In place of the gravel voiced, veteran super spy you usually play in these games, the hero here is John Vattic. He’s a bookish professor who’s made a career out of debunking psychic phenomena who turns out to be, to his surprised disbelief, a gifted psychic in his own right.
Vattic doesn’t use any fancy radar system or light meter to get his sneak on, relying instead on a selection of mental powers. Why bother with all those high-tech toys when you have the power to cloud men’s minds, walking by unseen? If you thought sneaking up behind a guard to take him out with a stealth kill was fun, wait until you possess his mind and force him to shoot up his buddies and then walk off a balcony. Of course, if you prefer the old fashioned, hands-on method, you always have that option as well.
That kind of flexibility is one of Second Sight’s strengths. A stealth game at heart, you can get through most of the game with very little true stealth if that is your preference. There’s plenty of firepower on hand if you choose to go in guns blazing and your psionic powers offer some pretty powerful, not to mention entertaining, options as well.
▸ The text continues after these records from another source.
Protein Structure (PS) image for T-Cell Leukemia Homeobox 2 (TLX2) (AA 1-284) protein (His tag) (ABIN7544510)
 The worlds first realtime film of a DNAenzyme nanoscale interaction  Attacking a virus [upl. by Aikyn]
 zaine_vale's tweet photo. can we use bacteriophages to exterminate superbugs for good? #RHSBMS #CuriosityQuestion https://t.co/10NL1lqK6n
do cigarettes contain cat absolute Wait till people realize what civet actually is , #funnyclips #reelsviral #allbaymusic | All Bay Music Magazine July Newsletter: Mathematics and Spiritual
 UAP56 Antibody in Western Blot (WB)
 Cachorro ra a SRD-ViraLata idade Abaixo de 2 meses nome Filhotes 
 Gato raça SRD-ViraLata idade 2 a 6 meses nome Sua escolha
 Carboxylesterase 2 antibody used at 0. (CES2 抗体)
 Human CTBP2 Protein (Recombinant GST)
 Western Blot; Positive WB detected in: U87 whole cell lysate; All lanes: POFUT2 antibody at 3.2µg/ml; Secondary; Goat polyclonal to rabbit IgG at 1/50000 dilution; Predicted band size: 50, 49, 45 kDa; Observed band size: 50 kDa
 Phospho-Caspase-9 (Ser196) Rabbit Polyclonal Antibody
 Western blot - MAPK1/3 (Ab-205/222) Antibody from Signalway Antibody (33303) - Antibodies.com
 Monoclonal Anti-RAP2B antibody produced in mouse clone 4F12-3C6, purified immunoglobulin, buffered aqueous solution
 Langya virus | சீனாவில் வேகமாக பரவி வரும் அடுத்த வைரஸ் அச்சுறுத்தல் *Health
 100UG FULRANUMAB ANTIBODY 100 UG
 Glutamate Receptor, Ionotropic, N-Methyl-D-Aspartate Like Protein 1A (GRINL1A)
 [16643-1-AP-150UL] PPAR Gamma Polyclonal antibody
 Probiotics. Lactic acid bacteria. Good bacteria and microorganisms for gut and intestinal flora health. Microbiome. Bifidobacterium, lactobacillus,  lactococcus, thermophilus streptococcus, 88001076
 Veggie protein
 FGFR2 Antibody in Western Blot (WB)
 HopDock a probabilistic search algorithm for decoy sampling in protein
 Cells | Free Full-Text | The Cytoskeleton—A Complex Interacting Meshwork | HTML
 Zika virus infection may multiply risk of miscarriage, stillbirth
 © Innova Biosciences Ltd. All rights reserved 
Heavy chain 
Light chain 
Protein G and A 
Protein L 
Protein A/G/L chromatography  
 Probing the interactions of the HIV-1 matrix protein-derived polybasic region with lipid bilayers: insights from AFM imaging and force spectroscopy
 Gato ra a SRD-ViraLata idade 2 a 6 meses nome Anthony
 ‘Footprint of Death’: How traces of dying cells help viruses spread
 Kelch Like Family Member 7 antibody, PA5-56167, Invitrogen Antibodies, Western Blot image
You won’t get through the game without using all three elements at different times, but there is definitely plenty of flexibility for the player to rely on their favorite method of problem solving throughout most of the game.
The presentation is high quality, if a step below the best of what’s out there. The game appears to use a slightly tweaked version of the TimeSplitters 2 engine, which is by no means a bad thing. The animation is smooth, everything is cleanly rendered and nicely detailed, the lighting and effects are well done, and there are basically no graphical anomalies. Cut scenes are all rendered in-engine and feature excellent lip-synching. The art style is also similar to TimeSplitters, but with a slightly less exaggerated, more serious edge. It has a unique look that’s reminiscent of old animation, like Johnny Quest, crossed with contemporary videogames. It’s different, but it works well.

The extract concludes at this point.